The key matrix that determines the viability of a Linux distribution or the hardware on which it runs is system performance. Depending on your purpose, you can choose from a variety of specialized tools to monitor different components, such as CPU frequency, temperature, and memory utilization. However, if you like CLI, just like us, you will prefer to use S-TUI.
Using S-TUI (an acronym for Stress-Terminal UI), you can monitor CPU temperature, frequency, power, and utilization at the same time. The utility displays all information graphically and can even be used to export data as a CSV file. Even better, you can configure S-TUI to automatically start the script when the value of any component being monitored violates a defined threshold. When used in conjunction with stress, another command line utility, S-TUI, can also be used to stress test your system.
Although S-TUI is not available in the software repositories of the most popular desktop distributions, installing the tool is fairly simple, and The project’s GitHub page Various installation techniques are introduced. For our installation, we will use Ubuntu 21.04.
1. In the terminal, Update available software repositories and Install the Python 3 packaging tool.
$ sudo apt update $ sudo apt install python3-pip
2. Install S-TUI Use pip3.
$ sudo pip install s-tui
3. Run S-TUI.
Unlike many other command line utilities, S-TUI does not require configuration, and you can start using it immediately after installation.
At the top of the left sidebar are detailed information about the CPU. Our Lenovo test machine was correctly identified as running Intel Core i3-5005U CPU @ 2.00GHz processor. This is because S-TUI utilizes various other local tools and utilities to gather relevant information. For example, you can determine the same information and more details by running the cat /proc/cpuinfo command.
When S-TUI is started for the first time, it will display all four parameters-frequency, utilization, temperature and power-and refresh the data every two seconds.

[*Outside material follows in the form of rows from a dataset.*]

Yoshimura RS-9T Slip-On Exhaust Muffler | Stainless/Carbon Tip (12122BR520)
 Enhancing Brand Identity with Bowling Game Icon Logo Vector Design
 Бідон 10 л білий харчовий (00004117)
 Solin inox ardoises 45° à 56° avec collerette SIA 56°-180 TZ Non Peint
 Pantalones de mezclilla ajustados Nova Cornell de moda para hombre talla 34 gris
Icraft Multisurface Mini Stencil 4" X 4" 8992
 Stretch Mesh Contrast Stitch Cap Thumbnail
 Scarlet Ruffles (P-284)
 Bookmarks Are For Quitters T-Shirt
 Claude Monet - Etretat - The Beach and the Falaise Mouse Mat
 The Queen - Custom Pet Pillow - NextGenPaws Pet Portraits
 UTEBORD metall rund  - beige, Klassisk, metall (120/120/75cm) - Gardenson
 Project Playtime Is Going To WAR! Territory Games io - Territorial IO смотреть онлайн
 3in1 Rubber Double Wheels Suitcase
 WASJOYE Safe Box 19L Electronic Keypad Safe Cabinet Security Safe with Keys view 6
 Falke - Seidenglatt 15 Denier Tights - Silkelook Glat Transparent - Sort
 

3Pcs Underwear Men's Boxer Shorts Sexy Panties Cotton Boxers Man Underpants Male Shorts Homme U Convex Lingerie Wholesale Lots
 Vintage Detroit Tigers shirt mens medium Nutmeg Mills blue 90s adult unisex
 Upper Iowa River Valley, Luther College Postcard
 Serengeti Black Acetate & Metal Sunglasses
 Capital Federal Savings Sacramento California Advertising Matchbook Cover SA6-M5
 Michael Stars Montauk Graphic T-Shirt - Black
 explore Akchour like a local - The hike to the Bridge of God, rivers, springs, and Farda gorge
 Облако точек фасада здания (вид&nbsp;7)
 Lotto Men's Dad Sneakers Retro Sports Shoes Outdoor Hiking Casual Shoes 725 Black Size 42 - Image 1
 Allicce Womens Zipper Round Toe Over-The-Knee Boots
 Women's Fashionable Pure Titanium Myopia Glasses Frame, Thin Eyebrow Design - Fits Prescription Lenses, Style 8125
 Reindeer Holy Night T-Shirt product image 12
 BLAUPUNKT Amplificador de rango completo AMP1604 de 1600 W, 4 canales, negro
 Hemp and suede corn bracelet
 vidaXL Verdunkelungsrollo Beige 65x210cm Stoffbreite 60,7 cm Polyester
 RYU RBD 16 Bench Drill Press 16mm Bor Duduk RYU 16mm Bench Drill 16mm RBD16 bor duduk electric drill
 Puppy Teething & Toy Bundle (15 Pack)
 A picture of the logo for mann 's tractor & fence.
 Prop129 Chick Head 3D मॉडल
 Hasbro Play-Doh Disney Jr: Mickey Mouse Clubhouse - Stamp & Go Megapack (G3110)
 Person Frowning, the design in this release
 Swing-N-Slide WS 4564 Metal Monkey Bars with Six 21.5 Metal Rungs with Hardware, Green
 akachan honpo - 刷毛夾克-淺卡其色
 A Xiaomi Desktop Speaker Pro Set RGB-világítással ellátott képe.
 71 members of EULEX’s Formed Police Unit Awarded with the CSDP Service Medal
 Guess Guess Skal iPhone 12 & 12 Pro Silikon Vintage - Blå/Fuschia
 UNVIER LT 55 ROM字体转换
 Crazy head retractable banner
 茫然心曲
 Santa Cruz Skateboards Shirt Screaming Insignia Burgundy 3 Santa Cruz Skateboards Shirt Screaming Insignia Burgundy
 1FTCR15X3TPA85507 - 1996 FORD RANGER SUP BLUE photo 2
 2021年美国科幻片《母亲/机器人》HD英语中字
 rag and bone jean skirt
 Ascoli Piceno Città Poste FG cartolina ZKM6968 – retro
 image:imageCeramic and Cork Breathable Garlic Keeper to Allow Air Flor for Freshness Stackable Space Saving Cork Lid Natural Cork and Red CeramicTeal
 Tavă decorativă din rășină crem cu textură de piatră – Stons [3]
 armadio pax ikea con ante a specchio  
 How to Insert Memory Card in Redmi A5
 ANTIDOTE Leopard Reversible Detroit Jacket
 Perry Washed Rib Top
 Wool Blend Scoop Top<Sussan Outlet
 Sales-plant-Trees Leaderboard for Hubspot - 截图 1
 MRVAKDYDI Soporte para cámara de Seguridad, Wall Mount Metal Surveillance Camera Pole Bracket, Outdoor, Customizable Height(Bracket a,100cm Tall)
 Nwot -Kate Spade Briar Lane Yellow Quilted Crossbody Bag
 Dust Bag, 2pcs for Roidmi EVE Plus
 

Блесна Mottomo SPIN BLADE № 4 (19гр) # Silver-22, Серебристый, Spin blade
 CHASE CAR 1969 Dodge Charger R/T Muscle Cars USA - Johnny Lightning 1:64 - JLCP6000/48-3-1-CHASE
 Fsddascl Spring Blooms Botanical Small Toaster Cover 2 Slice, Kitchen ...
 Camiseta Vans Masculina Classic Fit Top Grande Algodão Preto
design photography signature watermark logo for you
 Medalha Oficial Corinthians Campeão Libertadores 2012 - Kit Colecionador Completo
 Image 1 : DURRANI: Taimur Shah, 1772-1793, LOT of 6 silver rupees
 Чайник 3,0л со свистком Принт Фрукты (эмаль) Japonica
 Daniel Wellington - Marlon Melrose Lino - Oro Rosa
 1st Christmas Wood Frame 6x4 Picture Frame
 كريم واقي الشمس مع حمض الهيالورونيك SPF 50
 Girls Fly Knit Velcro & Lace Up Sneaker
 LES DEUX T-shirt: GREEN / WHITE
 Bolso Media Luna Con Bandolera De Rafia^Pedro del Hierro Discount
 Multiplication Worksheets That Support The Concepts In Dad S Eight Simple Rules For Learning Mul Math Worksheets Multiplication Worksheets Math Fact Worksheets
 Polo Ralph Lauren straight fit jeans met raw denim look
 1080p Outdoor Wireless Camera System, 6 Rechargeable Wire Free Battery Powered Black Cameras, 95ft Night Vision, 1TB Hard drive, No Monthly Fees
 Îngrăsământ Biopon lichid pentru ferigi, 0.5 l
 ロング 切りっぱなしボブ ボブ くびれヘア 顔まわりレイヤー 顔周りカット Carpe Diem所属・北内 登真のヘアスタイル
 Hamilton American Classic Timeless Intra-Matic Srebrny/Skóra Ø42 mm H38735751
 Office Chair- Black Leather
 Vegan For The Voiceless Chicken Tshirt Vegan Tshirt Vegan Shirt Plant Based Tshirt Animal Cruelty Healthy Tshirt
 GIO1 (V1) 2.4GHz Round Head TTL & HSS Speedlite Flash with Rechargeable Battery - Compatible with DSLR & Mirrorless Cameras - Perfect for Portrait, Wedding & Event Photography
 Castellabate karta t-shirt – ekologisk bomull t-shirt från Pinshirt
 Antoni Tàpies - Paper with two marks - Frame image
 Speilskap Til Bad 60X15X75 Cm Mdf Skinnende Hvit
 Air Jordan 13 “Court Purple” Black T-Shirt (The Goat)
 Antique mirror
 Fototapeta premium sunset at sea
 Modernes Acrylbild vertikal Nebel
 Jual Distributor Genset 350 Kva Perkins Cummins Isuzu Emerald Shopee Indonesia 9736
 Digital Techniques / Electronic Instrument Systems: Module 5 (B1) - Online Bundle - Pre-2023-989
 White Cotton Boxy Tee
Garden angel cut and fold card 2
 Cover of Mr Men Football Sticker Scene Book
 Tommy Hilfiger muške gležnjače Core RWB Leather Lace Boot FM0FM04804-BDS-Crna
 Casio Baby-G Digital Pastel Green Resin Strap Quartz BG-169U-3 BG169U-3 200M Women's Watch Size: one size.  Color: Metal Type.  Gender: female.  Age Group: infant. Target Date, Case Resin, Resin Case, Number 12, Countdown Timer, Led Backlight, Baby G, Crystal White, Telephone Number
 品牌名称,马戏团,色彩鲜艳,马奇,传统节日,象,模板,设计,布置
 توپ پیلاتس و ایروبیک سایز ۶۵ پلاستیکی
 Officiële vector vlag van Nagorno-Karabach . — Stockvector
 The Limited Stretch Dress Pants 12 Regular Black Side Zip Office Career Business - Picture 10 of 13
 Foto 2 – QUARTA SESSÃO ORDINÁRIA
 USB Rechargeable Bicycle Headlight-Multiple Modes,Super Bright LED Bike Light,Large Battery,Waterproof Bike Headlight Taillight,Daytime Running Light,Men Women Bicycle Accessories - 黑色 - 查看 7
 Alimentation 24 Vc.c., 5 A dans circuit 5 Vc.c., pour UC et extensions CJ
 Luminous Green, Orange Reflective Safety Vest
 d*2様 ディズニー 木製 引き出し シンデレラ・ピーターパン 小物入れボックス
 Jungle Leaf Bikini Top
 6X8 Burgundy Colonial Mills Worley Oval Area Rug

To change the refresh rate from two seconds to 0.1, change the value of Refresh[s]: 2.0 to 0.1. Note that this will put extra pressure on your Pi.
Use the up and down arrow keys to navigate the sidebar, but S-TUI also supports H and J to scroll, just like in Vim. S-TUI is also suitable for mouse input.
Use S-TUI to stress test your machine
By default, S-TUI is configured to monitor only your system. In order to push our machine to the limit, we installed the “stress” stress test terminal tool. Stress is applicable to all types of CPUs. We use it to stress test Raspberry Pis as part of the stressberry Python benchmark tool.
1. To install pressure, open the terminal And enter the following.
$ sudo apt install stress
2. Open S-TUI.
3. Using the arrow keys, navigate to Stress and press the space bar. Alternatively, you can also use the mouse to make a selection. You will see the CPU graph update quickly, showing the current processor temperature, frequency, and utilization. The stress test will run indefinitely.
4. Turn off the stress test By navigating to the monitor and pressing the space bar, or by clicking the mouse.
5. Set up a time-limited stress test, Navigation/click pressure options and Change the timeout to the time (in seconds) you want. Set the number of Sqrt() worker threads to match the number of cores of the CPU. Click Save when finished.
6. Click/navigate to Stress and press the space bar Run timed tests. Here, we set the duration to 30 seconds and leave the number of workers as 4.
Save your test results
Once you exit S-TUI, the collected data will be lost because the tool does not save it by default.
To automatically save the collected information to a time-stamped CSV file when you exit S-TUI, call the command as follows.
$ s-tui -c
To specify your own file name, use the “–csv-file” invocation command to provide the file name.
$ s-tui --csv-file <name of file>.csv
If you prefer data in JSON format, we can output data in JSON format, but only the current status, not the running log.